═══ Entries shown ═══
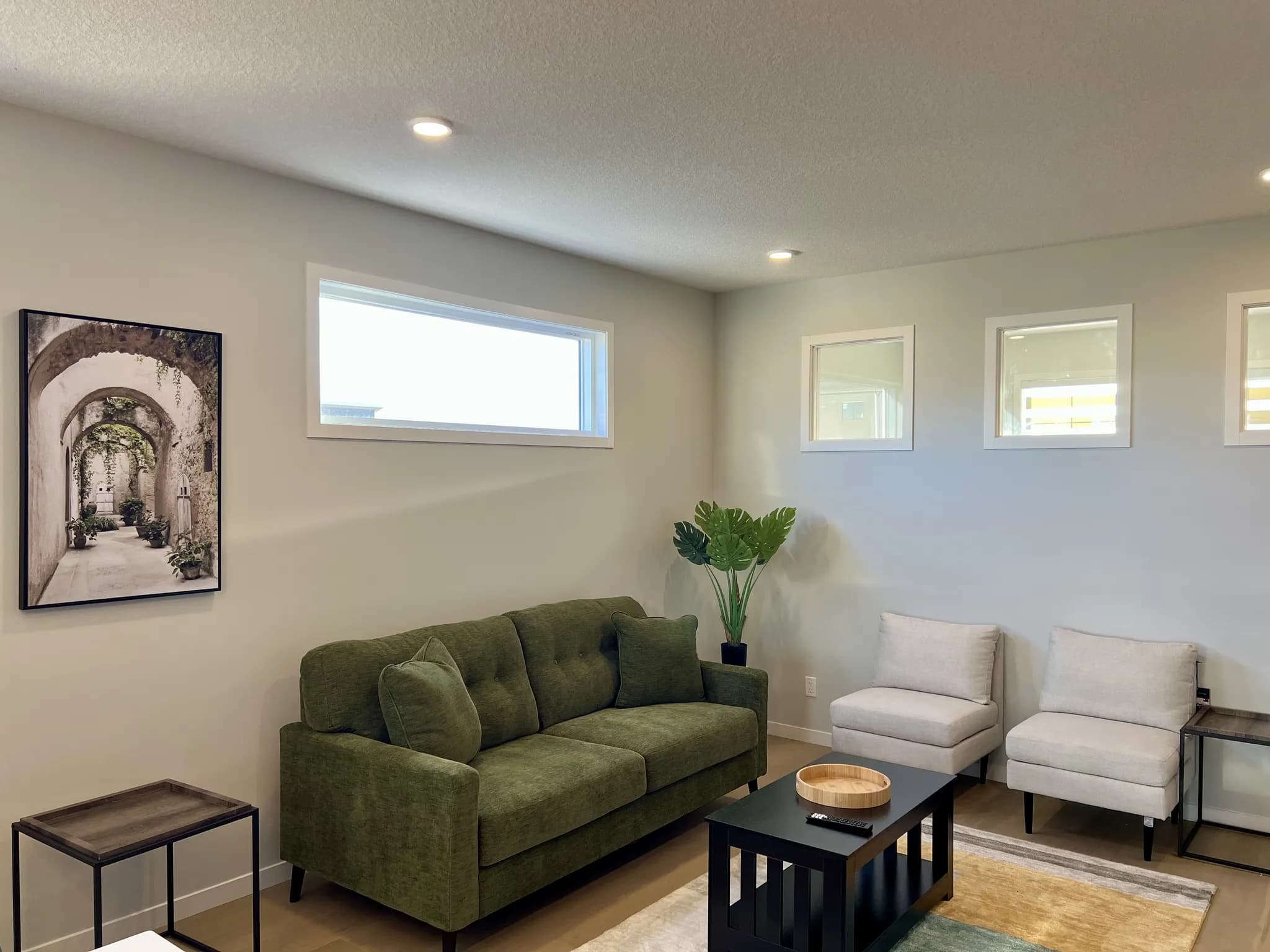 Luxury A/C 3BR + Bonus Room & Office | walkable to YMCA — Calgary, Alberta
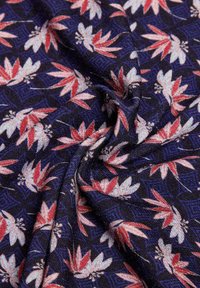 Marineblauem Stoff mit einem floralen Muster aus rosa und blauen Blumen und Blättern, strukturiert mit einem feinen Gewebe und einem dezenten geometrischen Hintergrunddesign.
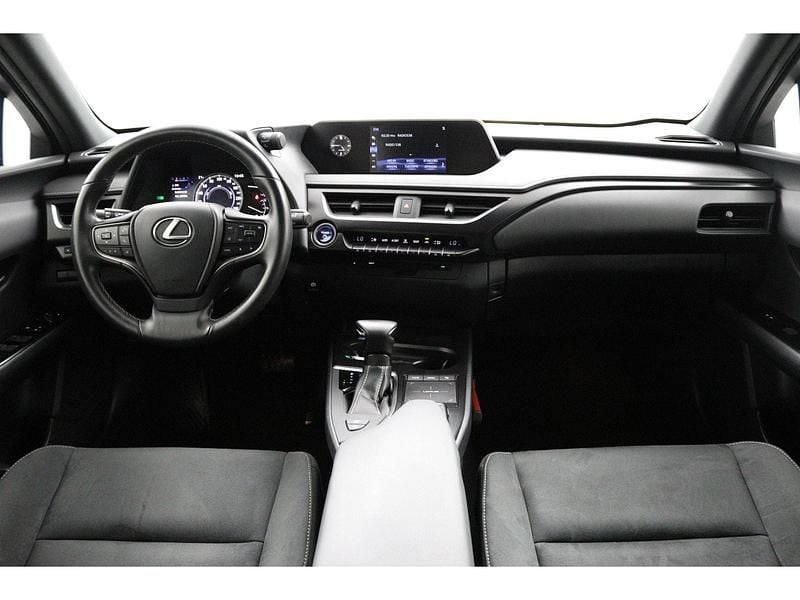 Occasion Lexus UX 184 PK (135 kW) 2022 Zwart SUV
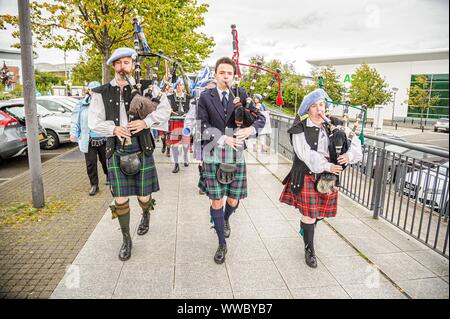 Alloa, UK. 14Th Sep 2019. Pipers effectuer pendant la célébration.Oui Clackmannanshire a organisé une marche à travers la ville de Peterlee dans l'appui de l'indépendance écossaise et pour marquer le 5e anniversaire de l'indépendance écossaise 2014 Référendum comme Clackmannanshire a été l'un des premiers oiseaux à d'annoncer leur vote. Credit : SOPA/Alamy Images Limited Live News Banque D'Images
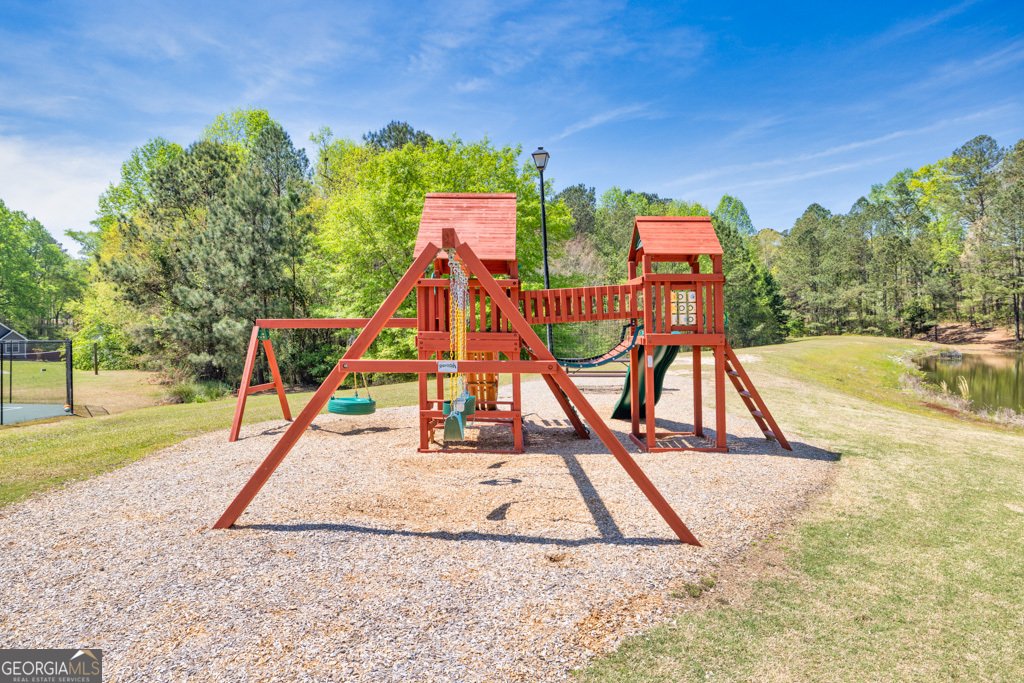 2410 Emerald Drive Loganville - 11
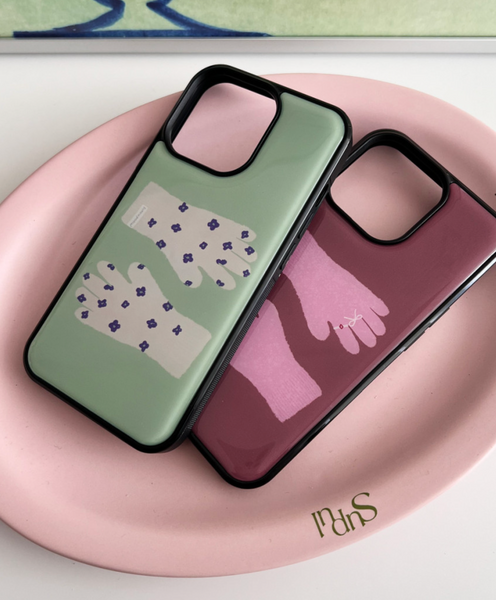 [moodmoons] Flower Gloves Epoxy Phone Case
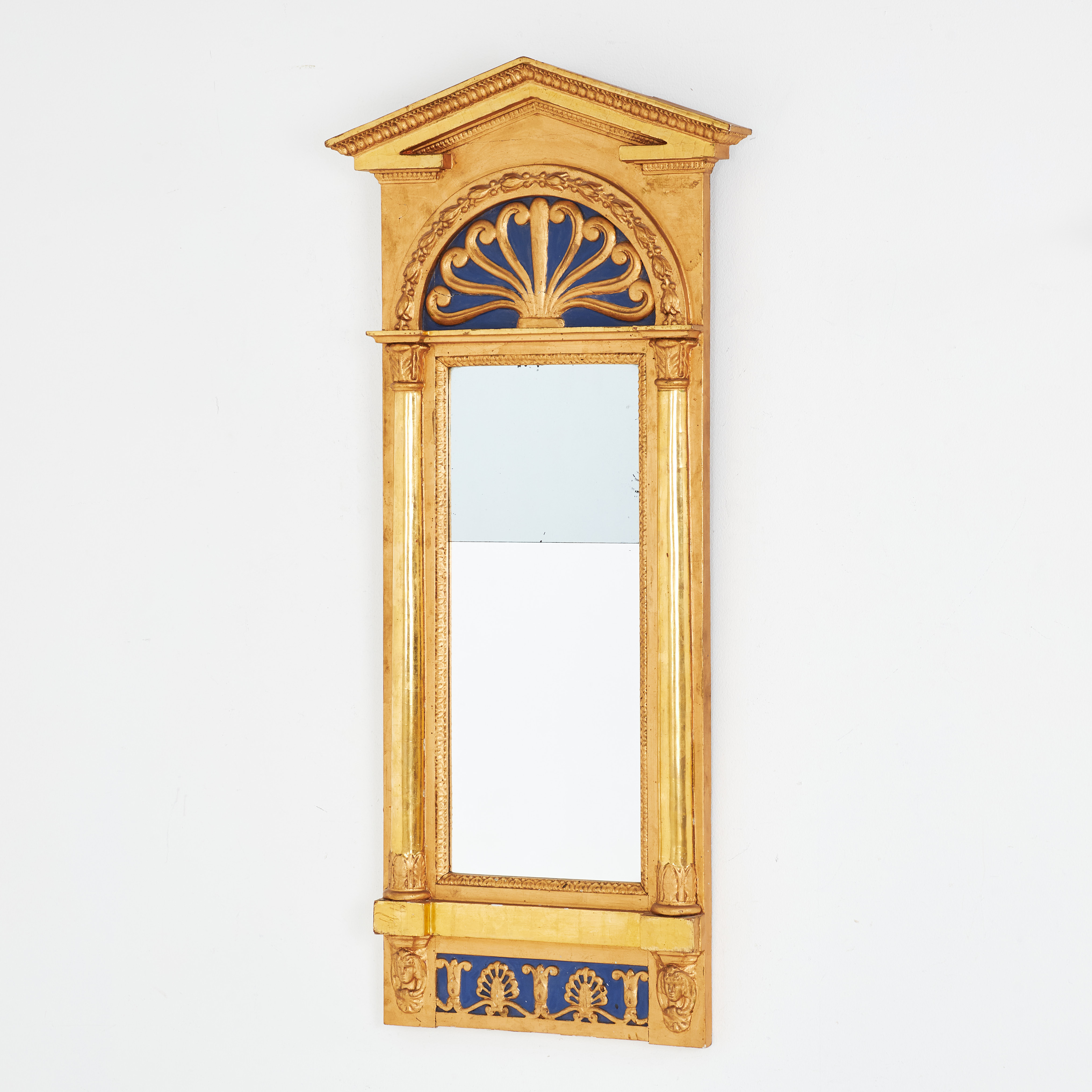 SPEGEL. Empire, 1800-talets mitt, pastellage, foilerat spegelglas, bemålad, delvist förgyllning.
═══
═══ Entries shown ═══
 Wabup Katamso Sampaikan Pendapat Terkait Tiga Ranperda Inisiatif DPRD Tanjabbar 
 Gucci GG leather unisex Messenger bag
═══
● **What is being asked**:
Print exactly the lines above that run from the one with "Alloa, UK. 14Th" to the one with "SPEGEL. Empire, 1800-talets", both included. No pictures.

● **Result**:
 Alloa, UK. 14Th Sep 2019. Pipers effectuer pendant la célébration.Oui Clackmannanshire a organisé une marche à travers la ville de Peterlee dans l'appui de l'indépendance écossaise et pour marquer le 5e anniversaire de l'indépendance écossaise 2014 Référendum comme Clackmannanshire a été l'un des premiers oiseaux à d'annoncer leur vote. Credit : SOPA/Alamy Images Limited Live News Banque D'Images
 2410 Emerald Drive Loganville - 11
 [moodmoons] Flower Gloves Epoxy Phone Case
 SPEGEL. Empire, 1800-talets mitt, pastellage, foilerat spegelglas, bemålad, delvist förgyllning.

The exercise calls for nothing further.